(Web page caption snippets)
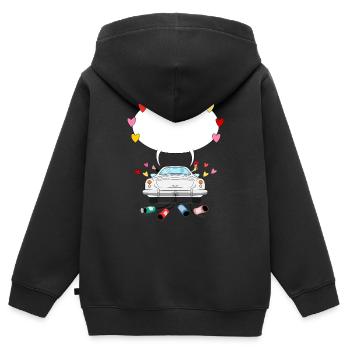 Hochzeitsauto mit Sprechblase in Silber - Kinder Premium Organic Zip Hoodie - Schwarz - Hinten - AI Model Kid Male (0cm)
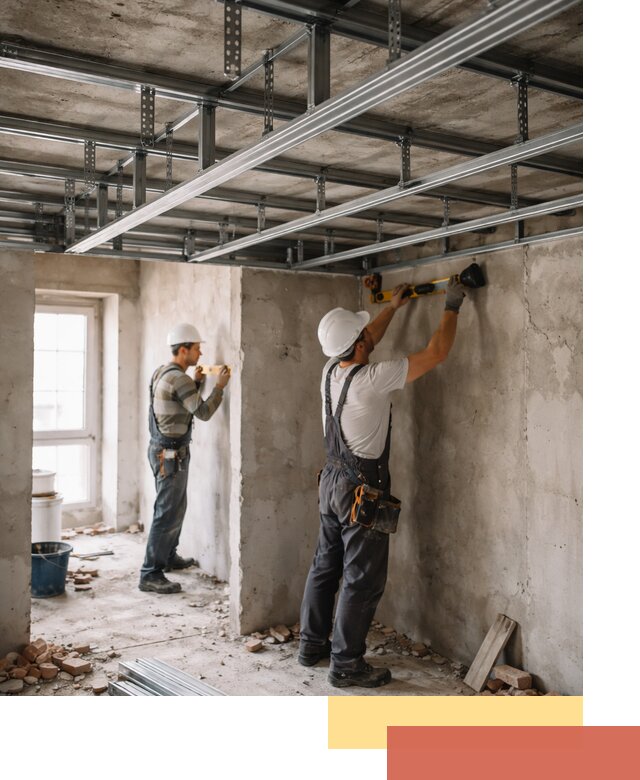 Монтаж каркаса потолка из профильного профиля в Климовске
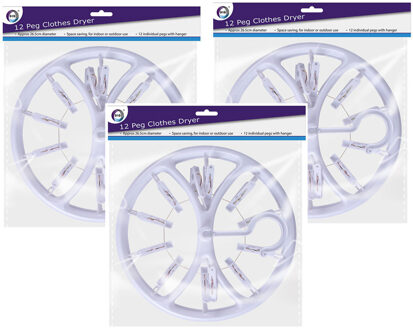 Did Droogcarrousel/droogmolen wit met 12 knijpers 26,5 cm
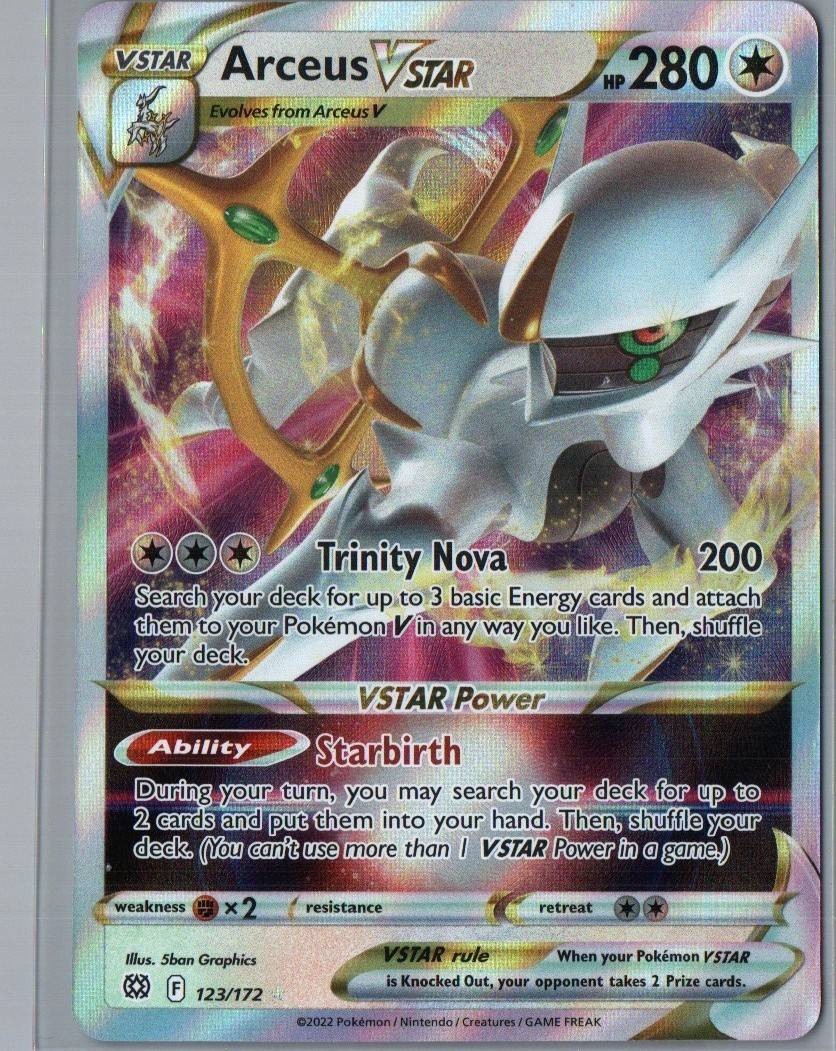 Arceus VSTAR 123/172 Holo VSTAR Rare Brilliant Stars Pokemon Near Mint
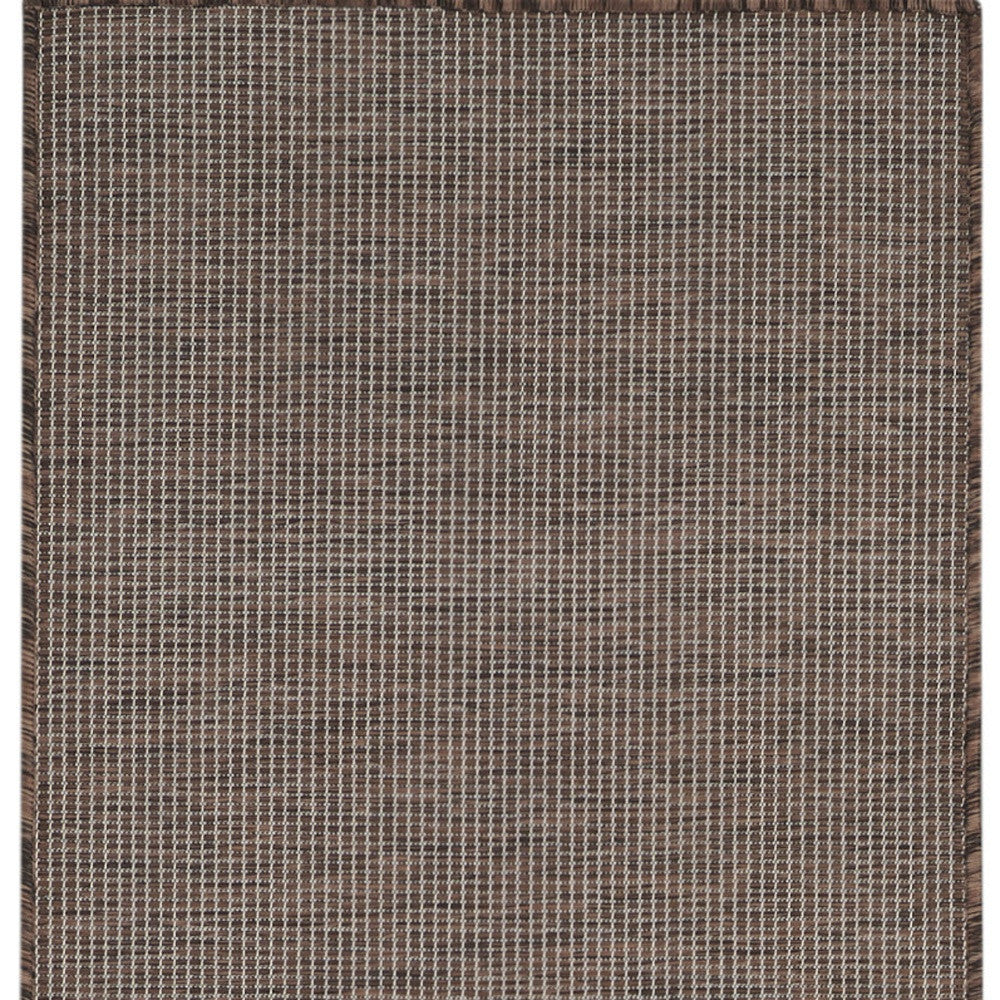 8' Brown Power Loom Runner Rug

EXERCISE GOAL
Omit the pictures and write out the lines above from the one with "Arceus VSTAR 123/172" through the last, unchanged.

RESPONSE BOX
 Arceus VSTAR 123/172 Holo VSTAR Rare Brilliant Stars Pokemon Near Mint
 8' Brown Power Loom Runner Rug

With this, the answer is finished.